Köşe yazarı Samih Tiryakioğlu, olaylara ilgili yazısında İstanbul’u fetheden Fatih’in ilk işinin yağmayı durdurmak olduğunu vurgulayarak, bugün yaşanan olaylarla Türk’ün karakterinin ne kadar ters düştüğüne dikkat çekmektedir. Türk’ün şanının korunmasında hükümetin bu kadar çabuk hareket etmesinin de tek teselli olduğunu belirtmektedir.23 Olaylara dair haberler yoğunluğunu yitirdikçe, bunların yerini yağmanın ardından yapılan hükümet yardımları ve vatandaşların şükranlarını yansıtan haberler almaktadır 24. 

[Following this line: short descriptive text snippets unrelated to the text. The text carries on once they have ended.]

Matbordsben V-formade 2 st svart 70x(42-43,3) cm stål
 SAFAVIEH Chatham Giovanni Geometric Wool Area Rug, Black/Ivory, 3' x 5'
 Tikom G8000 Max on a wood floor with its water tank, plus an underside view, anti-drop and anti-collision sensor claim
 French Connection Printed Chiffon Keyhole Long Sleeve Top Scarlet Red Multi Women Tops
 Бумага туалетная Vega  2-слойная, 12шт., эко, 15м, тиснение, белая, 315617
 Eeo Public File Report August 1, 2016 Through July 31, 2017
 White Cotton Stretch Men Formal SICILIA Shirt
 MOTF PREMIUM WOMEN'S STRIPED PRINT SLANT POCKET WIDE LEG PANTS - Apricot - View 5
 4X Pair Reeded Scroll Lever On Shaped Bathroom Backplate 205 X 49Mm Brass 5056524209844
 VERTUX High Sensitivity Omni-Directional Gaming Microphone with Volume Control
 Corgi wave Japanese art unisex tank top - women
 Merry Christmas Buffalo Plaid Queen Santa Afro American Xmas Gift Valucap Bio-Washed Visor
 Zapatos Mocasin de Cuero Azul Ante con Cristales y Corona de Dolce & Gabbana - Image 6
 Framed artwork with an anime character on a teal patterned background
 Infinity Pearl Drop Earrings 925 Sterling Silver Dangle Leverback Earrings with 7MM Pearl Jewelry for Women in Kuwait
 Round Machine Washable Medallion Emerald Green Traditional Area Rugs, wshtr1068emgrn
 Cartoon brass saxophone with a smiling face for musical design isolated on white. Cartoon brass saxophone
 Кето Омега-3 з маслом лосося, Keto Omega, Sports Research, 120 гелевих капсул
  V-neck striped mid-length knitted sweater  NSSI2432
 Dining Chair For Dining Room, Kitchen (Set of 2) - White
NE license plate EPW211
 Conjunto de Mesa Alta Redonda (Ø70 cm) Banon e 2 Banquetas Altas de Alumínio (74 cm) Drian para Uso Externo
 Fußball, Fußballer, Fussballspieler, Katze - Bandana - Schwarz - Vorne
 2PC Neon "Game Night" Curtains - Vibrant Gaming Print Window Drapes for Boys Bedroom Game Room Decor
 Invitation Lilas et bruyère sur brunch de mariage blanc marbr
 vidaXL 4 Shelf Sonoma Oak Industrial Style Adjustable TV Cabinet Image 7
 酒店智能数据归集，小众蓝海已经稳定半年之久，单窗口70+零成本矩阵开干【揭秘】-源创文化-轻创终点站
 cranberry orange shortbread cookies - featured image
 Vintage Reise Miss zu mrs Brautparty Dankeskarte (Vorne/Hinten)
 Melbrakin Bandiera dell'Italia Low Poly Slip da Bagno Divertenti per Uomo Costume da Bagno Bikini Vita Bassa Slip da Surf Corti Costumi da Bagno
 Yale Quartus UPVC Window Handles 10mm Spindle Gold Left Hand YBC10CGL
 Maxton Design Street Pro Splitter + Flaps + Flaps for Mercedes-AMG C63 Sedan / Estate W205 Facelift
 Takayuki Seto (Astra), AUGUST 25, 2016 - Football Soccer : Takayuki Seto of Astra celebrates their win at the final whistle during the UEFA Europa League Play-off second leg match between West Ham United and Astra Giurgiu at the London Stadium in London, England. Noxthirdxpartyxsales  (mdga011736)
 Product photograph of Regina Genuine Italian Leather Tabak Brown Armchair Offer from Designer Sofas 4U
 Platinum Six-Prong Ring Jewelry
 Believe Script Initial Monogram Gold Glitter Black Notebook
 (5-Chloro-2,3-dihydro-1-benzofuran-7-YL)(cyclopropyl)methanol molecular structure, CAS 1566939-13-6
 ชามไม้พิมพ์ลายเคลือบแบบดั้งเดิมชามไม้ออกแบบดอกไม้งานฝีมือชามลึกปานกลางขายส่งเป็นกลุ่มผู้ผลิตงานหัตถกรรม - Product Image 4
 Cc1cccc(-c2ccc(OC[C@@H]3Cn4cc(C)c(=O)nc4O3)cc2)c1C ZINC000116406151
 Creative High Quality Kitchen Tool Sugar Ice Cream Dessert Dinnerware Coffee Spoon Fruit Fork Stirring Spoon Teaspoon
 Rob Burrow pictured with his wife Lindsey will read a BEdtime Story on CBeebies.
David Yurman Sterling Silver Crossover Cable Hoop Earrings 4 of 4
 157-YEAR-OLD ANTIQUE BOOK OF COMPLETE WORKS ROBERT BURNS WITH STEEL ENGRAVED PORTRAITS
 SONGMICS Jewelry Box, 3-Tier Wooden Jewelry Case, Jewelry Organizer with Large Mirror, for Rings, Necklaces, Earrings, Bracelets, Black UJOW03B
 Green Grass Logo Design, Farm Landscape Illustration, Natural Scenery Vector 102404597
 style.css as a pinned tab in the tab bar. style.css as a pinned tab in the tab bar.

Diğer iki gazetede de olduğu gibi 15 Eylülden itibaren olaylara ilişkin haberlerin sona erdiği saptanmıştır. Yalnızca 17 Eylül tarihli Hürriyet gazetesinde, olaylar sırasında 862 mağazanın tamamen yandığı doğrulanmakta ve yapılan yardımlar vurgulanmaktadır. 
19 Eylül 1955 tarihinde çıkan Hürriyet gazetesi, Eylül ayında çıkan son Hürriyet Gazetesidir. 5 Ekim 1955 tarihine kadar gazete kapatılmıştır. 

Yeniden yayımlanmaya başladığında ise olaylara dair çarpıcı haberlere yer verilmemiştir.